El señor Bumble había contado y, recontado las cucharillas, pesado y vuelto a pesar las tenacillas de azúcar, examinado con más estrecha atención la tetera de plata y evaluando casi con exactitud el mobiliario de la habitación, teniendo en cuenta hasta el valor del relleno de las sillas. Habría practicado tan diversas operaciones sus seis u ocho veces antes que se le ocurriera la idea de que era ya tiempo de que volviese la señora Corney, y como los pensamientos se enredan y entrelazan entre sí como las cerezas, y de una idea se pasa fácilmente a otra idea, ocurriósele al bedel que en satisfacer por completo su curiosidad, llevando sus investigaciones hasta el interior de la cómoda de su Dulcinea.

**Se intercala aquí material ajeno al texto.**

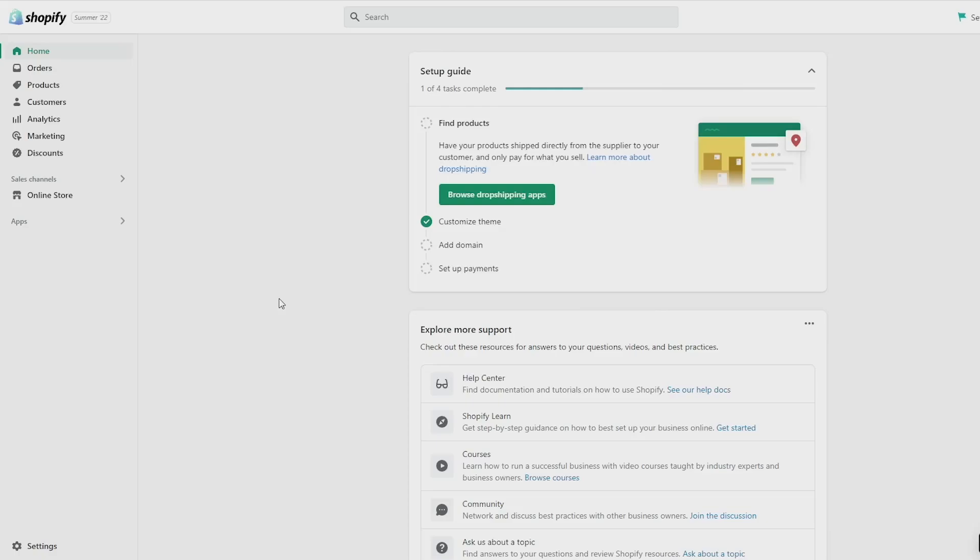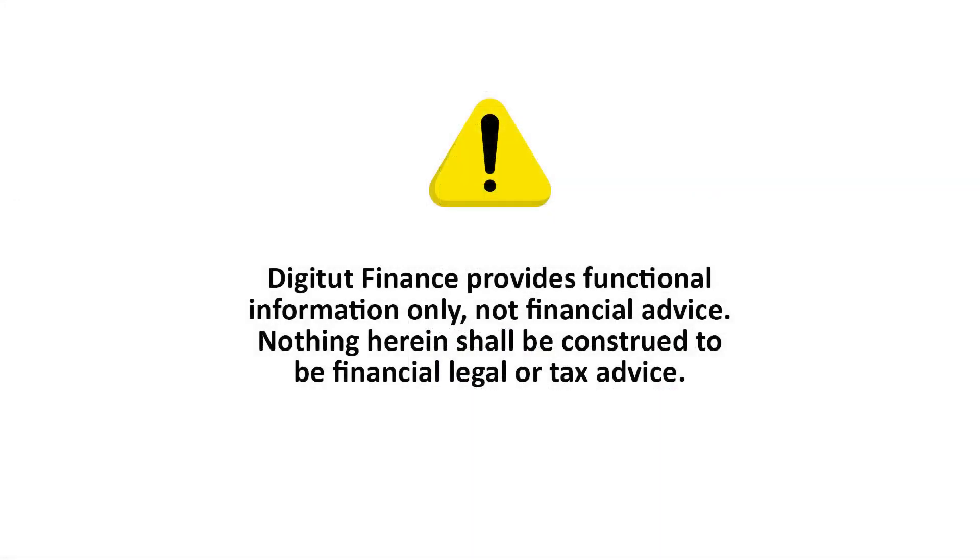In this video I'm going to show you how to cancel app subscriptions on Shopify and it's pretty easy and quick to do, so let's get started.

No sin antes aplicar el oído al ojo de la llave para asegurarse de que nadie llegaba a la habitación, el señor Bumble, comenzando por el cajón de abajo, pasó revista a lo que aquél y los tres restantes contenían. Los encontró llenos de ropas y vestidos en perfecto estado de conservación y conformes a las exigencias de la última moda, acondicionados entre dos cavas de periódicos antiguos, perfumados con espliego. El examen le dejó plenamente satisfecho. Al llegar, en el curso de sus pesquisas, a una gaveta que había en la parte superior y lado derecho del mueble, en la que estaba puesta la llave, encontró una cajita cerrada que, al ser movida, dejó oír el hermoso y agradable tintineo de monedas, que acabó de convencer al desinteresado bedel. El señor Bumble volvió con paso firme y altivo continente a ocupar el asiento de junto a la chimenea en que antes estuvo sentado, y adoptando su severa expresión habitual, dijo con resolución:

—¡Lo haré!

A semejante declaración, en realidad notable, siguió un movimiento de cabeza que duró diez minutos, movimiento semejante al que suelen hacer los perros cuando están de buen humor, y luego contempló sus pantorrillas de perfil con tanto interés como satisfacción.

Todavía continuaba embebido en este examen cuando penetró precipitadamente en la estancia la señora Corney, la cual, jadeante y sin aliento se dejó caer sobre una silla, puesta una mano sobre su corazón y la otra delante de los ojos.